Salut au nom des cieux, des monts et des rivages
Où s’écoulèrent tes beaux jours,
Voyageur fatigué qui reviens sur nos plages
Demander à tes champs leurs antiques ombrages,
À ton cœur ses premiers amours !

Que de jours ont passé sur ces chères empreintes !
Que d’adieux éternels ! que de rêves déçus !
Que de liens brisés ! que d’amitiés éteintes !
Que d’échos assoupis qui ne répondent plus !
Moins de flots ont roulé sur les sables de Laisse[1],
Moins de rides d’azur ont sillonné son sein,
Et des arbres vieillis qui couvraient ta jeunesse,
Moins de feuilles d’automne ont jonché le chemin !
................

Ô sensible exilé ! tu les as retrouvées
Ces images, de loin toujours, toujours rêvées,
Et ces débris vivans de tes jours de bonheur :
Tes yeux ont contemplé tes montagnes si chères,
Et ton berceau champêtre, et le toit de tes pères ;
Et des flots de tristesse ont monté dans ton cœur !…

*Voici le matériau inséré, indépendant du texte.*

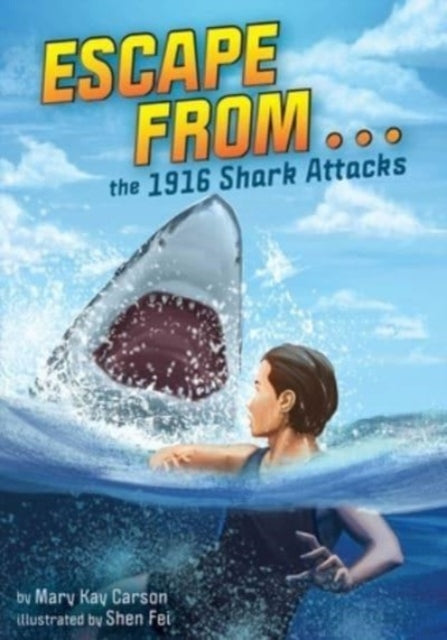 Book cover of: Escape from . . . the 1916 Shark Attacks. By: Mary Kay Carson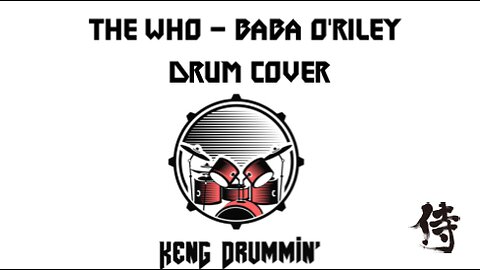 The Who - Baba O'Riley Drum Cover KenG Samurai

M. de Maistre a lui-même composé beaucoup de vers ; mais, malgré les insinuations complaisantes, il a toujours résisté à les produire au jour, se disant que la mode avait changé. Il a traduit ou imité en vers des fables du poète russe Kriloff : on trouve une de ces imitations imprimée dans l’Anthologie russe qu’a publiée M. Dupré de Saint-Maure. J’ai entre les mains une ode manuscrite de lui, de 1817 ; c’est un regret de ne pouvoir atteindre au but sublime, et le sentiment exprimé de la lutte inégale avec le génie :

Et glorieux encor d’un combat téméraire,
Je garde dans mes vers quelques traits de lumière
Du Dieu qui m’a vaincu.

Il a fait des épigrammes spirituelles. Quelques personnes ont copie

  1. Nom d’un torrent de Savoie.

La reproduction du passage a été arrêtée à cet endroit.